確かにCFOの要望は合理的であり、田中さんもすぐに対応できると思っていました。固定費を按分して、その金額を取引金額から差し引き、収益性を報告するだけで良いと考えたからです。しかしながら、実際にそれをしてみると、いくつかの課題に直面しました。
例えば主力製品の「W」について、固定費を計上して総収益を見ると利益が出ていましたし、この製品の利益率は会社の営業利益率と同程度になっていました。しかしながら、取引先別に見てみると、採算性の悪い取引や採算の取れない取引が行われていることがわかりました。CFOはこれらの契約を解除する方針です。しかしながら、それらの取引をやめたと仮定して、全体の収益を見直してみると、他の契約の収益がマイナスになったのです。その理由は、この製品「W」の生産設備や保管施設が製品「W」のためだけのものであり、不採算の取引をなくしたとしても、この生産設備の固定費が変わらずに発生し、按分される固定費が増えるためです。この事実を知ったときに、田中さんは、CFOの考えるコストプラス法で全てを判断することが正しいわけではない、と思ったのでした。
製品「W」が取引先全体で見ると利益が出ていることは数字が示していましたが、採算性の低い取引契約を解除してしまうと、固定費が増えて製品「W」の収益性が下がってしまいます。そこで田中さんは、製品「W」の全ての取引が黒字になるように、固定費の按分方法を考え出しました。
取引先 | 数量 | 価格 | 変動費単価 | 固定費単価 | 収益 | 拠出 | 利益 | マージン比率 |
---|---|---|---|---|---|---|---|---|
ABC社 | 100 | $14.00 | $4.10 | $2.33 | $1,400 | $990 | $757 | 54.05% |
XYZ社 | 500 | $8.00 | $6.10 | $2.33 | $4,000 | $950 | $(217) | -5.42% |
Aさんが分析している案件の固定費は1,400ドル
さまざまな方法でコストを按分したため、田中さんは製品「W」の固定費について細かく注釈を記載し、CFOにレポートを提出しました。しかしながら、CFOからは「私は、製品ではなく、取引ごとの収益性の評価をお願いしたのです!」と言われ、やり直しを求められてしまいました。
次の一手
この例では、田中さんは不採算案件を調べ、それを正当化するための報告書を作成しました。
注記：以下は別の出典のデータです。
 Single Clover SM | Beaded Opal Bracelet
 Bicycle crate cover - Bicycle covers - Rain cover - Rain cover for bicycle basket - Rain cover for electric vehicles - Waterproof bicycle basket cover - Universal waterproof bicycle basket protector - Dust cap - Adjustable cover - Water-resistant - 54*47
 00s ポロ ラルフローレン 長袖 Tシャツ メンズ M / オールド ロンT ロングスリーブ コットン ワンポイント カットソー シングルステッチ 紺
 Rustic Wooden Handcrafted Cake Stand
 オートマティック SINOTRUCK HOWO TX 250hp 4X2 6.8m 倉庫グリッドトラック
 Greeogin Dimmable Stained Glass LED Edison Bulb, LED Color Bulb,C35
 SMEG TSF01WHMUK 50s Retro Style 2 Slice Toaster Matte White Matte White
基本的に、不採算案件は他の案件を収益化するためであったり、スケールメリットを持たせるためであったり、何らかの理由があってその取引を実施している場合が多く、その理由を明確に示しておく必要があります。
そればかりではなく、このようなお客様の例もありました。このお客様は2つの工場の間に所在し、どちらの工場からもサービスを受けることができるため、工場の生産状況によっては、送料オプションが異なる工場からサービスを受けていました。その結果、このお客様との取引にかかる送料が高くなり、採算が取れていませんでした。もし、このお客様が常に一番近い倉庫からサービスを受けていれば、送料が安定し、製品も採算が取れたのです。
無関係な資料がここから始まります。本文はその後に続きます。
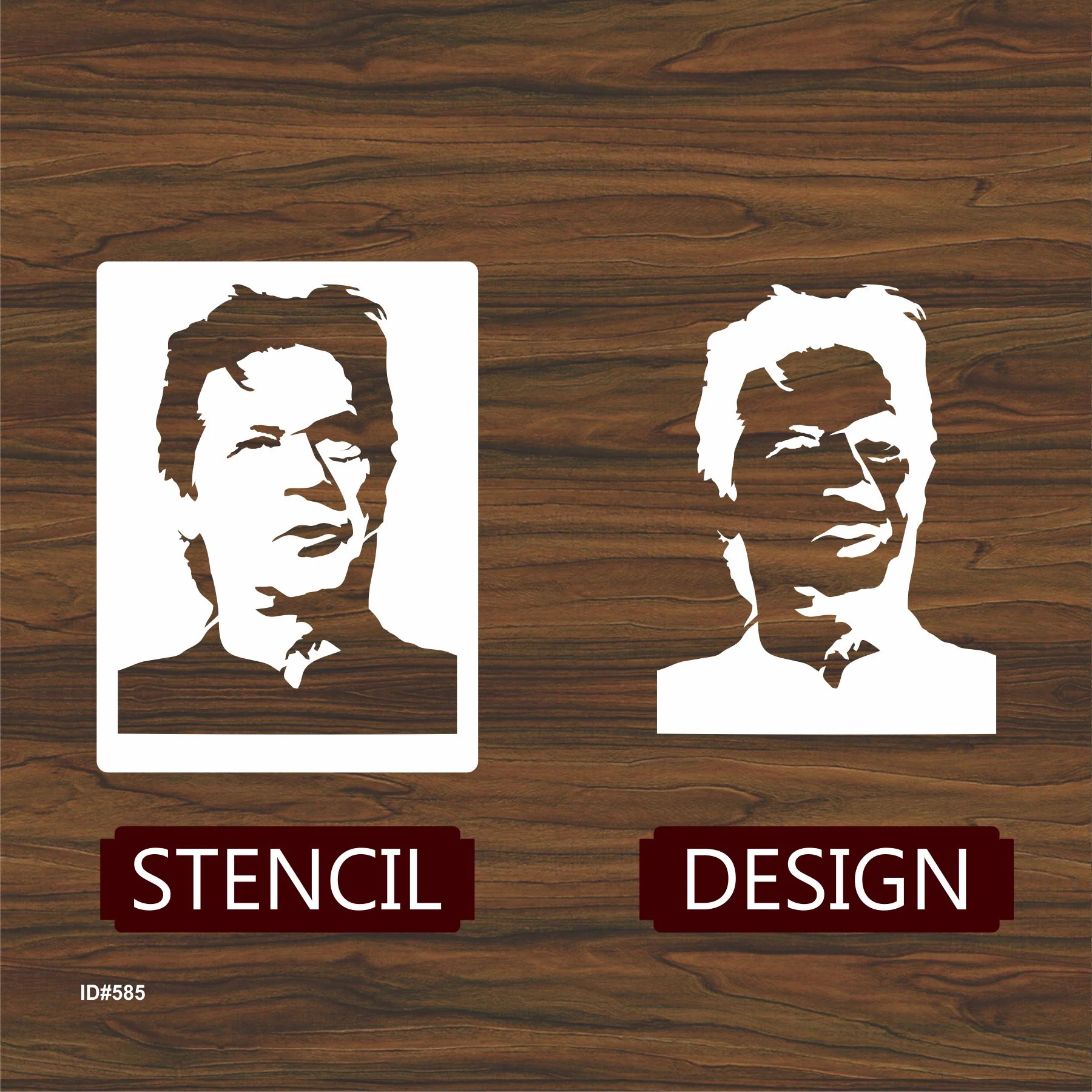 Imran khan unbreakable & reusable stencil for painting ,scrapbooking wall decoration. ID #585A - Image 3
では、このお客様との取引は止めるべきでしょうか。そうではなく、このお客様には送料の安い工場から配送することを受け入れていただいて、その差額をサービスで補填した方が良いかもしれません。もしくは、納期の延長を提案しても良いかもしれません。お客様がこれらの提案を受け入れていただければ、製品「W」の物流はより効率的になり、取引の収益性が向上します。
田中さんは、この製品「W」の販売戦略の強みと弱みを理解する上で何にどれくらいコストがかかっているのかを細かく把握することが非常に有益であることに気づきました。しかし、コストプラス価格が絶対だと盲目的に思いこんでいれば、経営判断の誤りに気づくことはなかったでしょう。